[Start of section]

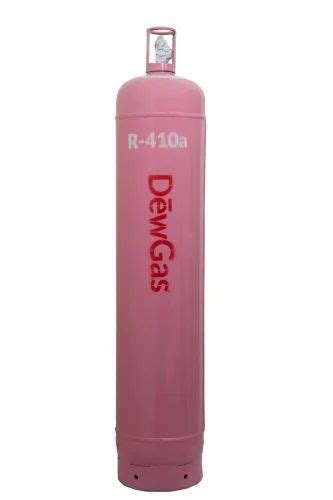 R 410a Refrigeration Gases Packaging Type Cylinder Rs 600kilogram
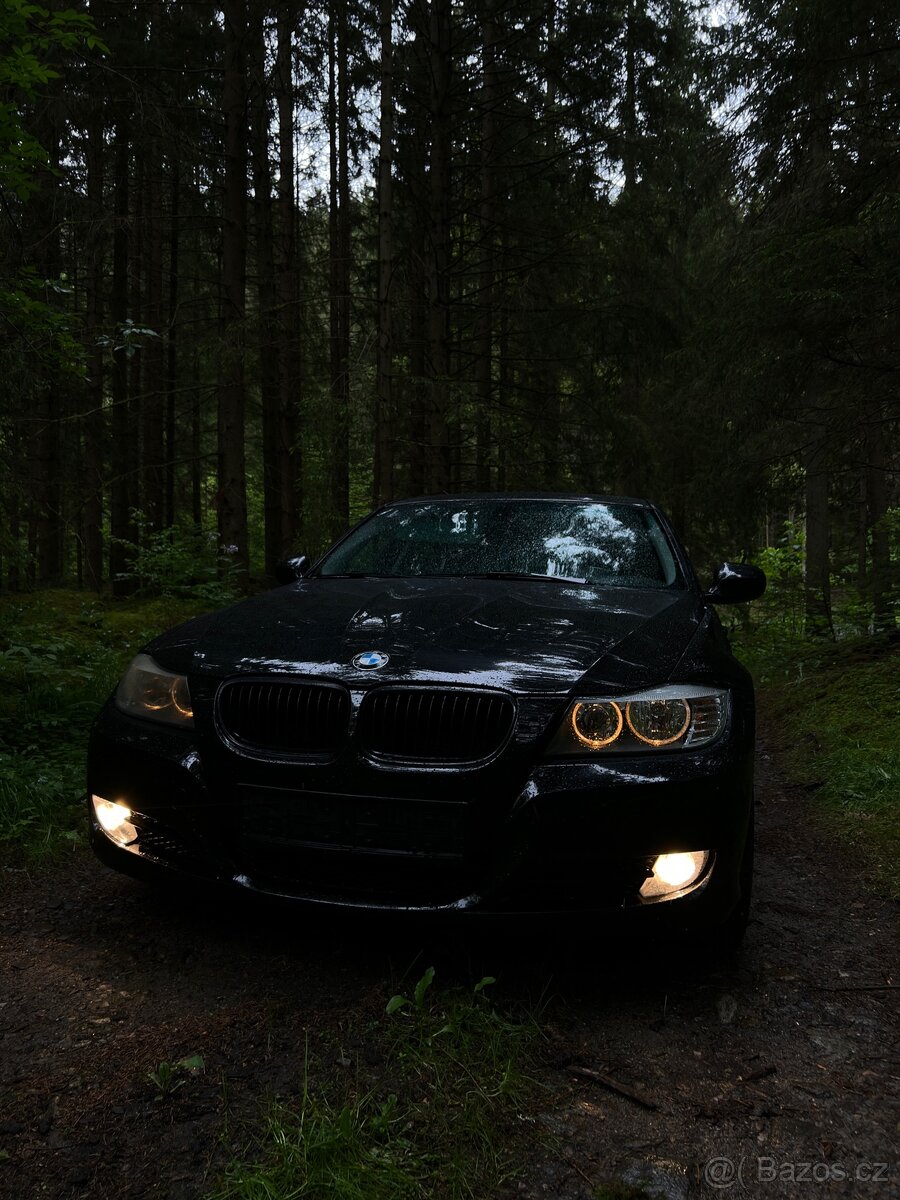 BMW E91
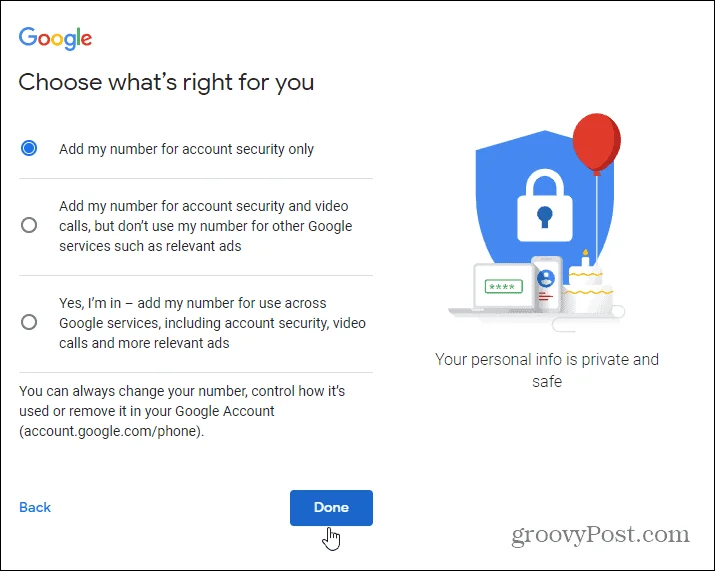 ¿Cómo obtengo una cuenta de Gmail?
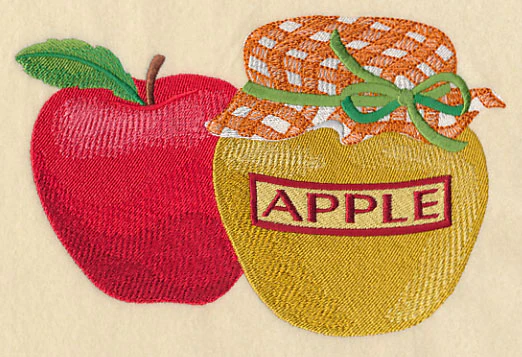 Mason Jar Medley - Apple - Image 2
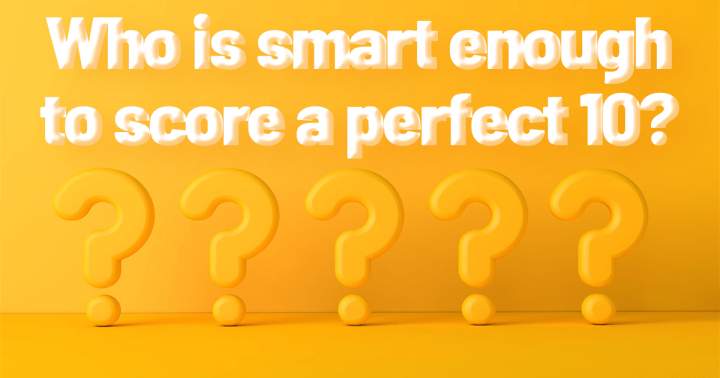 Banner for 10 Mixed Questions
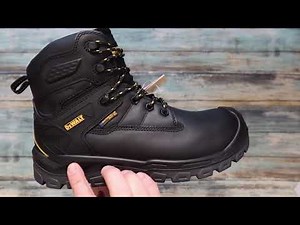 Dewalt Springfield Safety Boots: Why They're Worth The Hype!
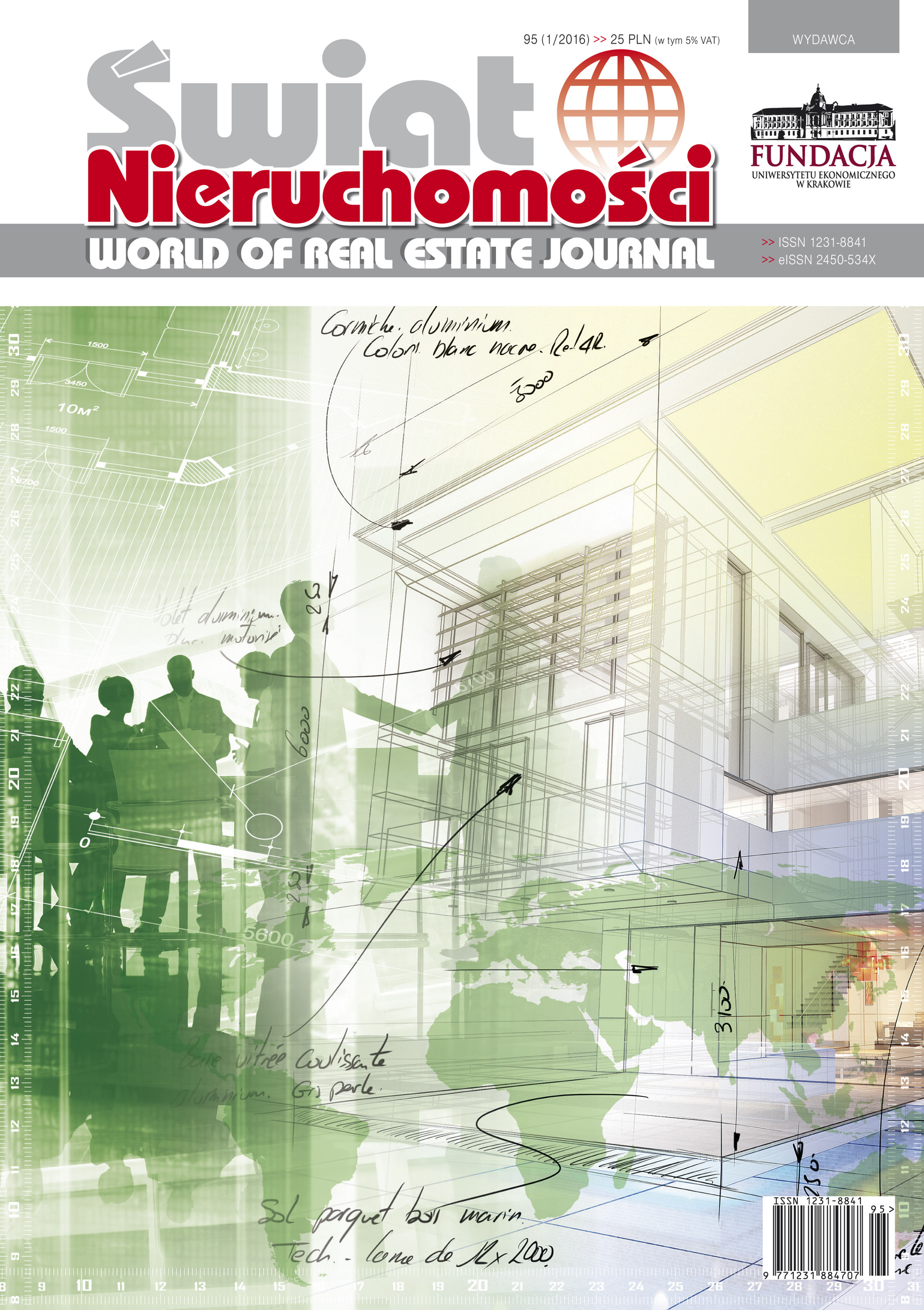 25 Years of Free Real Estate Market in Poland. A SWOT Analysis Cover Image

[End of section]

- [What to work on]: Give the lines from the one containing "Mason Jar Medley - Apple - Image 2" through the final line of the material again, exactly and in full, but without pictures.

- [Exercise answer]:
 Mason Jar Medley - Apple - Image 2
 Banner for 10 Mixed Questions
 Dewalt Springfield Safety Boots: Why They're Worth The Hype!
 25 Years of Free Real Estate Market in Poland. A SWOT Analysis Cover Image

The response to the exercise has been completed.